A Rainy Day for Plaintiffs’ Class Action Bar: U.S. Supreme Court Enforces Class Arbitration Waivers


Yesterday, the U.S. Supreme Court in a 5-4 decision endorsed the enforceability of class arbitration waivers, which businesses may enter into before any dispute arises to protect themselves from consumer and employment class actions. AT&T Mobility v. Concepcion, No. 09-893 (April 27, 2011). While the plaintiffs’ bar undoubtedly is already dreaming up ways to evade Concepcion, the impact of this decision should be major.
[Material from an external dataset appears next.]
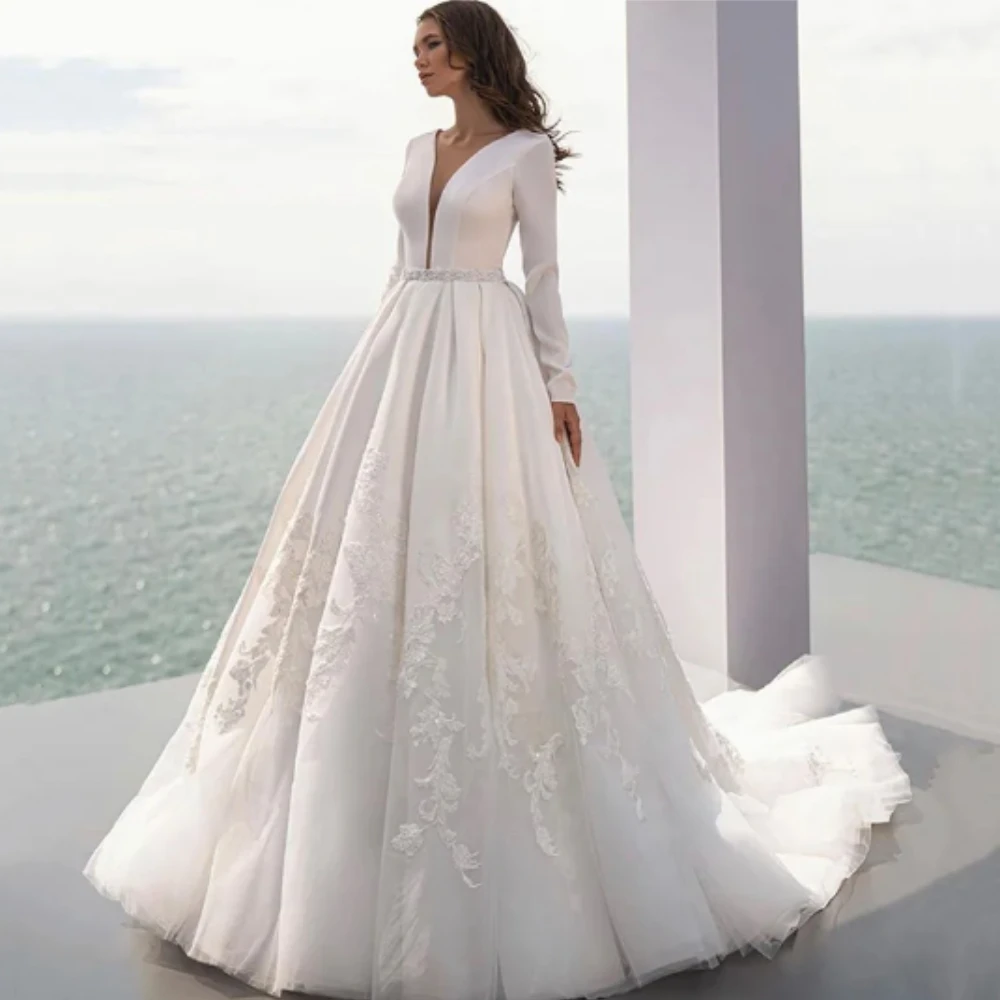 New Simple Long Sleeve Wedding Dress for Woman 2024 Lace V-Neck Bride Dresses Ball Gown Princess Wedding Gowns Vestido de Noiva
New Simple Long Sleeve Wedding Dress for Woman 2024 Lace V-Neck Bride Dresses Ball Gown Princess Wedding Gowns Vestido de Noiva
Class arbitration waivers are designed for consumers, employees, or others to commit to pursue any future claims only through binding arbitration (as opposed to in court) and only on an individual basis (as opposed to as part of a class). In other words, by signing a consumer contract or other agreement containing a class arbitration waiver, an individual is agreeing not to pursue a class action either in court or in arbitration. Prior to yesterday, the enforceability of such waivers was frequently challenged, with the plaintiffs’ bar arguing that some claims can only effectively be pursued on a class basis. In light of the Supreme Court’s holding in Concepcion, businesses should consider implementing an arbitration program or refining their existing programs in order to protect themselves from future class claims. Legal guidance should be obtained in the design, communication, and implementation of such programs so as to maximize their chances of enforceability.